30 min


45 min


This delightfully creamy cheesecake studded with blueberries makes a special dessert in summer time when blueberries are at their peak. It’s a lovely light baked cheesecake with a buttery biscuit crumb base that you can have in the oven in less than 15 minutes.  I made it the day prior to having dinner guests and it was super easy to make, looked great at the table and was delicious to eat.
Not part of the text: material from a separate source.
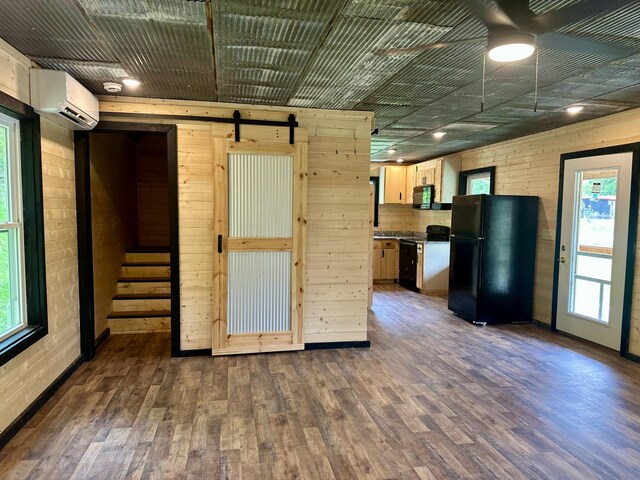 409 Freeman Branch Rd, East Bernstadt, KY 40729 - empty room with a barn door, dark wood-style floors, wooden walls, and stairs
250 g plain sweet biscuits (wine biscuits, Marie crackers, graham crackers)

150 g butter, melted



250 g cream cheese

½ cup sour cream

1 tbsp flour

1 cup caster sugar

Zest of one lemon

2 eggs

250 g blueberries, plus extra for decorating

Icing sugar for dusting


Preheat your oven to 160°C/320°F.

Line a 23cm round spring-form pan with baking paper.

Place the biscuits in your food processor and blitz until fine crumbs from. Add the melted butter and pulse until it is combined. Tip into the prepared tin and use a spoon to press some of the crumbs up the side and evenly across the base. Don’t worry if the crumbs are not even at the top edge – that adds to the rustic appeal of this cheesecake ….well that’s what I told myself when the crumbs kept collapsing at the top edge ;-). Chill while you make the filling.
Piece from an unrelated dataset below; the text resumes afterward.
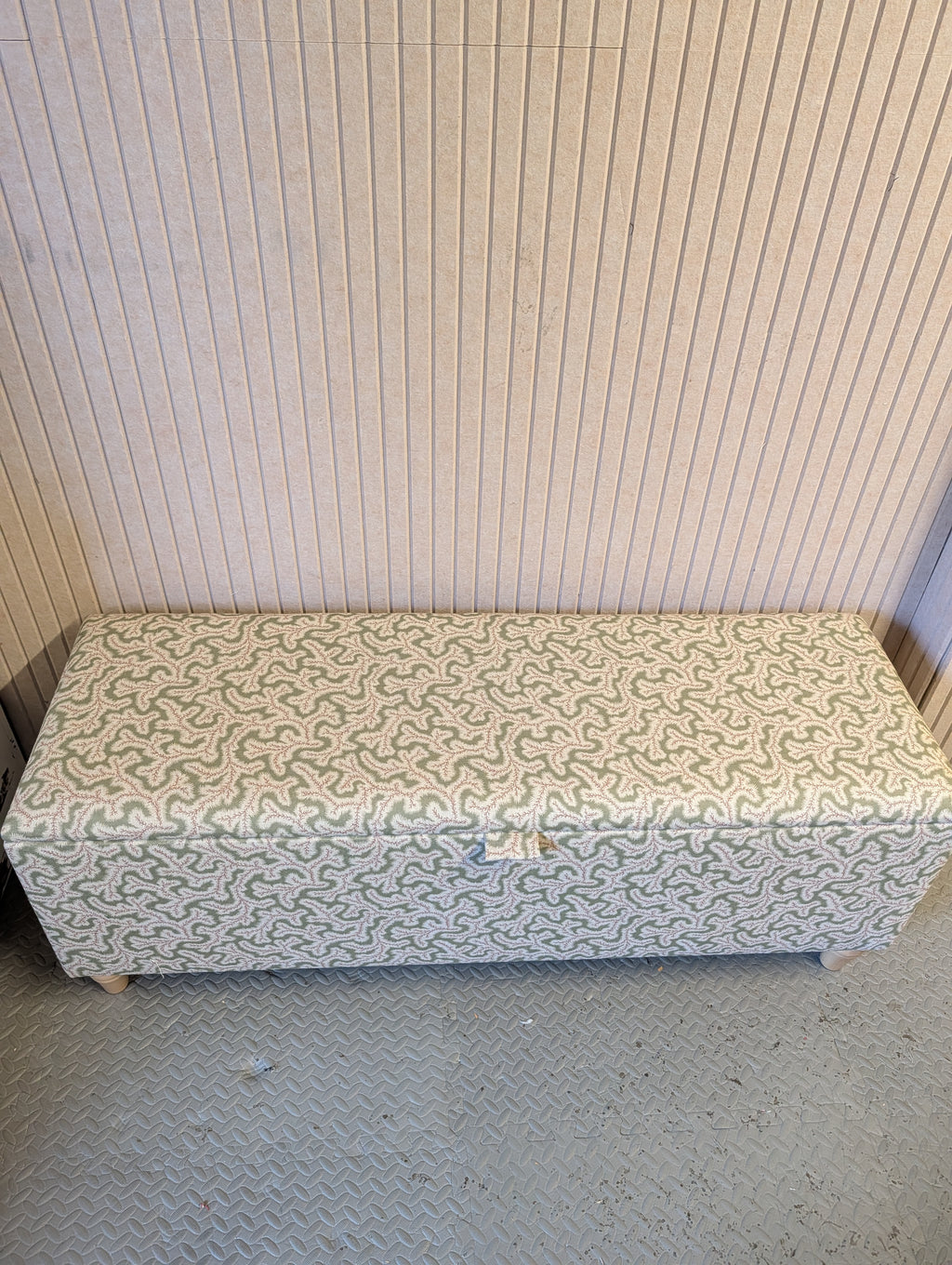 An upholstered storage bench with a light green and pink wavy patterned fabric, set against a beige ribbed wall on a gray textured floor.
Wipe out the food processor bowl and add the cream cheese, sour cream, sugar, lemon zest, and flour. Beat until the mixture is just beginning to get smooth then add the eggs and beat again until combined, scraping the sides of the bowl down once or twice with a spatula. Stir in the blueberries reserving some for the topping.

Pour into the prepared biscuit crumb base and smooth the surface. Place the tin on a baking tray with an edge (some of the butter always seems to leak out of the biscuit base so save yourself messy clean up) and bake for 45 minutes or until the cheesecake surface is set around the edges but still a little wobbly in the middle.  The cheesecake continues to cook with the residual heat once removed from the oven and you don’t want to overcook it.

Cool on the benchtop then cover and refrigerate for at least 3 hours.  Remove from the tin and carefully place on a flat serving platter. Top with the remaining blueberries, dust with icing sugar and serve.